“¡Es el Señor!” (Jn 21, 1-14). En esta tercera aparición de
Jesús resucitado a sus discípulos, se repite lo mismo que en las otras apariciones:
no lo reconocen. El Evangelio relata que los discípulos, junto con Pedro y
Juan, están pescando, sin éxito, en el momento en el que Jesús se les aparece,
de pie, en la orilla: “Jesús se presentó en la orilla; pero los discípulos no
sabían que era Jesús”.
Los discípulos habían estado tratando de pescar, infructuosamente,
toda la noche y cuando Jesús les señala el lugar donde deben tirar las redes,
se produce lo que se conoce como “la segunda pesca milagrosa”, ya que las redes
se llenan de tantos peces, que casi se hunden las barcas.

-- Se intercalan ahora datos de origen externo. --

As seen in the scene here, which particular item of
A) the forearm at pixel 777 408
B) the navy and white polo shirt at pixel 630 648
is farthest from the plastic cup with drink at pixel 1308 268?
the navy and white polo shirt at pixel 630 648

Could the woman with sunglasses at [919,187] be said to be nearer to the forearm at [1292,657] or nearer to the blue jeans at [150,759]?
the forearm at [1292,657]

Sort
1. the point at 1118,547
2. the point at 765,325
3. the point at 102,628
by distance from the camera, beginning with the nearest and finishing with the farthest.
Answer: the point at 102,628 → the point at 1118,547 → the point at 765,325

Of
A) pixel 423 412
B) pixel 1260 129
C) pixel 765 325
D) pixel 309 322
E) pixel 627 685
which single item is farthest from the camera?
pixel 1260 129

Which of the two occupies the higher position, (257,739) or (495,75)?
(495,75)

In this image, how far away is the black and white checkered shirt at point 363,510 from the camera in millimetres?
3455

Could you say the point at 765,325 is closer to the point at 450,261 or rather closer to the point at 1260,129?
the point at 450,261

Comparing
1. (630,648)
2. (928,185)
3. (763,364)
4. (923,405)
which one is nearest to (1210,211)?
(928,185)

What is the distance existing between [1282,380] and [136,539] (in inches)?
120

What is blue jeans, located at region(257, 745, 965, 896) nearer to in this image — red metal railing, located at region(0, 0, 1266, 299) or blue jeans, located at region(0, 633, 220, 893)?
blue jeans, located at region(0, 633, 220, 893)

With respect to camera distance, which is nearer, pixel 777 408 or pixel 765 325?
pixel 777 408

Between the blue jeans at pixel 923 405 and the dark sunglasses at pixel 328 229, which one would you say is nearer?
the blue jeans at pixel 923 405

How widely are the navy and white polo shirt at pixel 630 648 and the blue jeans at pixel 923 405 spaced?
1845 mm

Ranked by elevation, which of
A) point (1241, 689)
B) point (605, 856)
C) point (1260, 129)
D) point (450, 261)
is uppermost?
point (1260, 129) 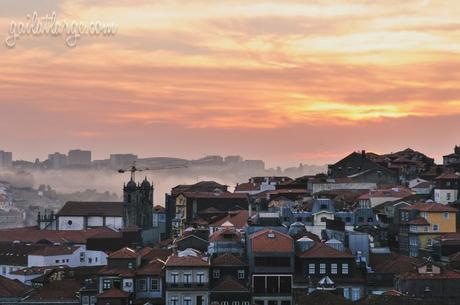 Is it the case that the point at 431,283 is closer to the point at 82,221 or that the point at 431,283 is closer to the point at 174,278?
the point at 174,278

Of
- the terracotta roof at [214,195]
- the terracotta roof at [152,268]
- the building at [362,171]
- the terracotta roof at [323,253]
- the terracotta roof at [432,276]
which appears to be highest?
the building at [362,171]

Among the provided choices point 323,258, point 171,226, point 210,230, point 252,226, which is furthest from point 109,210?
point 323,258

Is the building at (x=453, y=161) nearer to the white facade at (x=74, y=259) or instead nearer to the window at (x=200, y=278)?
the white facade at (x=74, y=259)

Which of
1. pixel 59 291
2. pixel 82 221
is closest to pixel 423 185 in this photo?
pixel 59 291

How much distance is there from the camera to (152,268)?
243 ft

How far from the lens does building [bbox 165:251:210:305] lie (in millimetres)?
68500

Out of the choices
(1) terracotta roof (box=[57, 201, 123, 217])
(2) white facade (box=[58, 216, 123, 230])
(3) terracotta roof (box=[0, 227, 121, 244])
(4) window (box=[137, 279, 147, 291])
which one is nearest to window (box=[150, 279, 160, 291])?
(4) window (box=[137, 279, 147, 291])

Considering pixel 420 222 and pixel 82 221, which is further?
pixel 82 221

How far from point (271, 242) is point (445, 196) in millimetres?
35283

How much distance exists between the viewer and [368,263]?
73250 mm

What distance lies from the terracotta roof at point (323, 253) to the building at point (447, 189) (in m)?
32.1

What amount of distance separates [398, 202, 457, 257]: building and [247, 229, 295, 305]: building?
635 inches

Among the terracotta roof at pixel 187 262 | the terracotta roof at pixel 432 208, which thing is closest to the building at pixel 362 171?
the terracotta roof at pixel 432 208

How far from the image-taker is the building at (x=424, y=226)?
84062 mm
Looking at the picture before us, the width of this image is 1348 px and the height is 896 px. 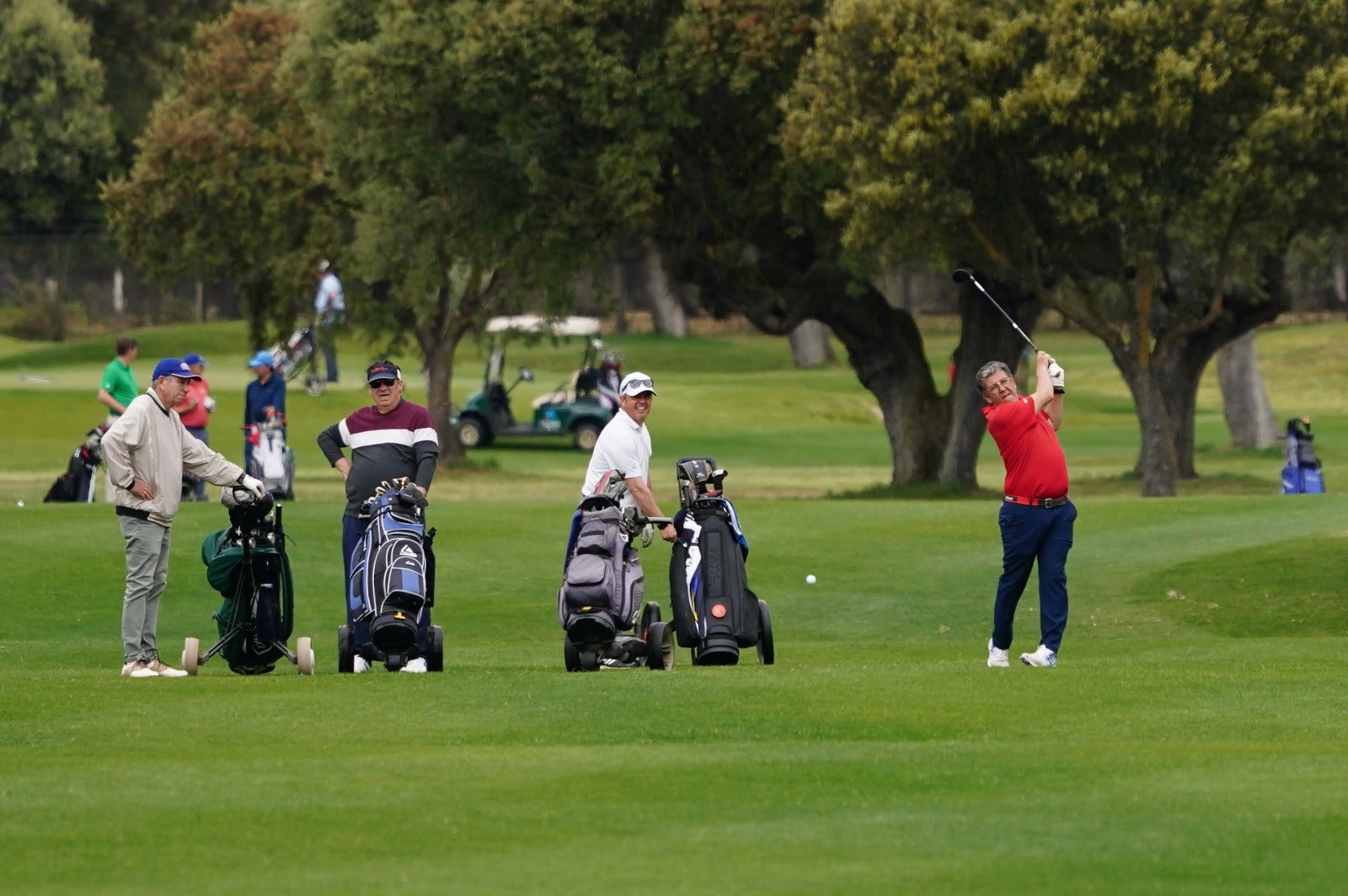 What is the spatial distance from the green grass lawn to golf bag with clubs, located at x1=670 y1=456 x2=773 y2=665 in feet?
1.76

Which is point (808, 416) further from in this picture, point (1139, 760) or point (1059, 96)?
point (1139, 760)

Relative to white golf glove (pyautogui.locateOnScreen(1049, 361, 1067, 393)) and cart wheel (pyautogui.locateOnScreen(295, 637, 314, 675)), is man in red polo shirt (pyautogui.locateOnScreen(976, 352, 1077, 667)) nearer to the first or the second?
white golf glove (pyautogui.locateOnScreen(1049, 361, 1067, 393))

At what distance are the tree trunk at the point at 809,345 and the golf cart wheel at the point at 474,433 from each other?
28321mm

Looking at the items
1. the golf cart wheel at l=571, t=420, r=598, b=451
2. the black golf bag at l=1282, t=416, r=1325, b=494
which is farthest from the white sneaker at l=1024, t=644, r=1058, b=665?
the golf cart wheel at l=571, t=420, r=598, b=451

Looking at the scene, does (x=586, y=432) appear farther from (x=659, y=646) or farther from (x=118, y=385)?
(x=659, y=646)

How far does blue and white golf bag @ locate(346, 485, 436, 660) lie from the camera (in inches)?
525

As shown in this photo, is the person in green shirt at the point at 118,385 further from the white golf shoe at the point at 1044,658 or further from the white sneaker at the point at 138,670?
the white golf shoe at the point at 1044,658

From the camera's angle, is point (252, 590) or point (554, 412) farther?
point (554, 412)

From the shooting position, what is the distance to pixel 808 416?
195 ft

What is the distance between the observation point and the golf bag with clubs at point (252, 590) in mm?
13883

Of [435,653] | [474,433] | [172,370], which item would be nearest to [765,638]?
[435,653]

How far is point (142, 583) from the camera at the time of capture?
1392 centimetres

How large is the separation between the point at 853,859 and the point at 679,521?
586 centimetres

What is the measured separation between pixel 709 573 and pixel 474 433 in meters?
36.8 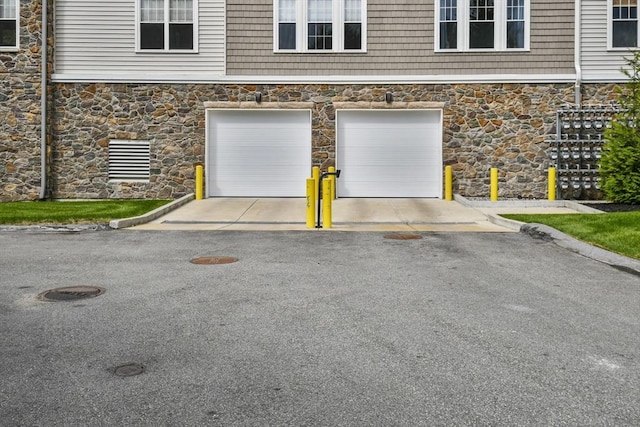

Pero el milagro tiene otro efecto, además de una buena
pesca: ilumina, con la luz del Espíritu Santo, los ojos de San Juan primero y
de Pedro después. En efecto, inmediatamente después del milagro, San Juan
reconoce a Jesús y exclama: “¡Es el Señor!”. Y luego de San Juan, es San Pedro
quien también lo reconoce, echándose los dos al mar, para llegar nadando hasta
la orilla.
En esta aparición podemos ver, entonces, la necesidad
imperiosa de la luz de la gracia para reconocer a Jesús, no como a un hombre
santo, sino como al Dios Tres veces Santo, la Segunda Persona de la Trinidad,
encarnada en la Humanidad Santísima de Jesús de Nazareth.
“¡Es el Señor!”, exclama con alegría San Juan, al
reconocer a Jesús glorioso y resucitado; también nosotros, iluminados con la
luz de la gracia santificante, debemos exclamar, llenos de alegría: “¡Es el
Señor!”, cuando contemplamos la Sagrada Eucaristía. Y, al igual que San Juan y
San Pedro, sumergirnos, no en el mar, sino en el océano de Amor de su Divina
Misericordia, su Sagrado Corazón Eucarístico.